More divorced Florida parents who have a formal child support agreement in place may be receiving assistance from the federal Child Support Enforcement Program, but fewer divorced parents overall have one compared to previous years, according to a study. Researchers found that in 2004, around 60 percent of eligible parents had such an agreement, but by 2014, the percentage had dropped to 49 percent.
The Child Support Enforcement Program was created almost four decades ago to help ensure that parents continue to support their children. There are a number of reasons that parents may fail to pay child support, but two of the major ones are poor employment prospects and their own financial struggles. It is possible that the program needs to shift toward assisting parents with job training and employment. Simply allowing the support to go unpaid is not the right solution because child support makes a significant difference in children's lives.
Research links child support to fewer problems with behavior, a better relationship with the parent paying support and improved cognitive skills. Children thrive when they have access to the additional resources that two incomes can provide, and less stress for single parents means better outcomes for children.
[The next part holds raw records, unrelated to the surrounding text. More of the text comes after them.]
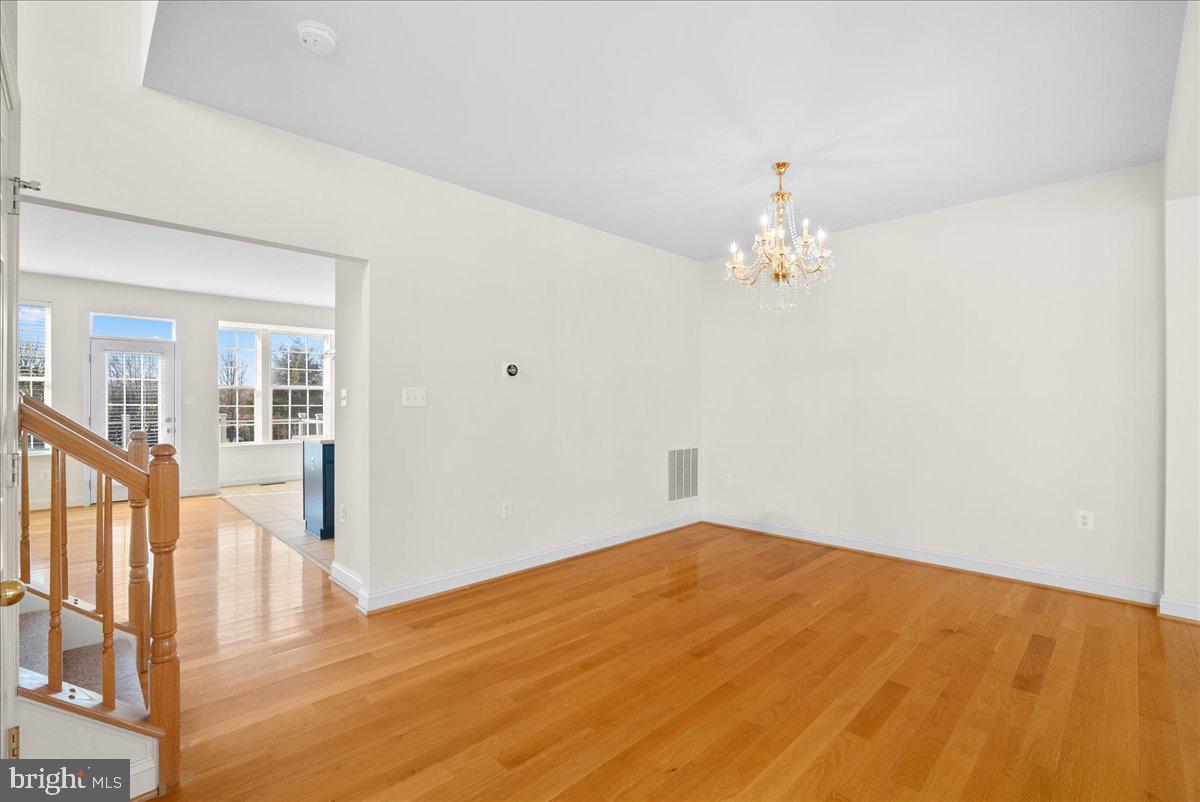 927 Buttonwood Terrace Northeast Leesburg, VA 20176 - Photo 7 of 44 wooden floor in an empty room with a window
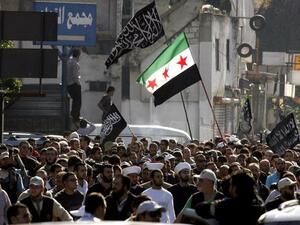 Protestors hold a Syrian pre-Baath flag during a demonstration lead by Lebanese Salafis on Sunday in Southern Lebanon. (AFP PHOTO/MAHMOUD ZAYYAT)
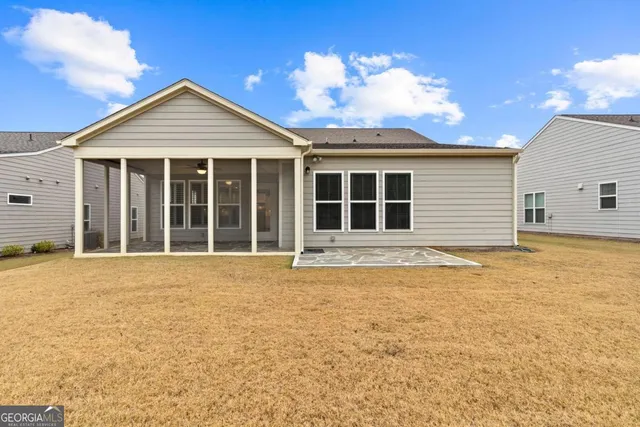 a view of a large house with a swimming pool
Parents who are struggling to collect support and who have a formal agreement in place may go through legal channels to collect what they are owed. Actions taken might include garnishing wages, bonuses, tax refunds or other sources of income, but parents are not permitted to change the visitation agreement due to unpaid support. Conversely, a parent who is struggling to pay support due to a change in circumstances must request a modification, and an attorney can often be of assistance in this regard.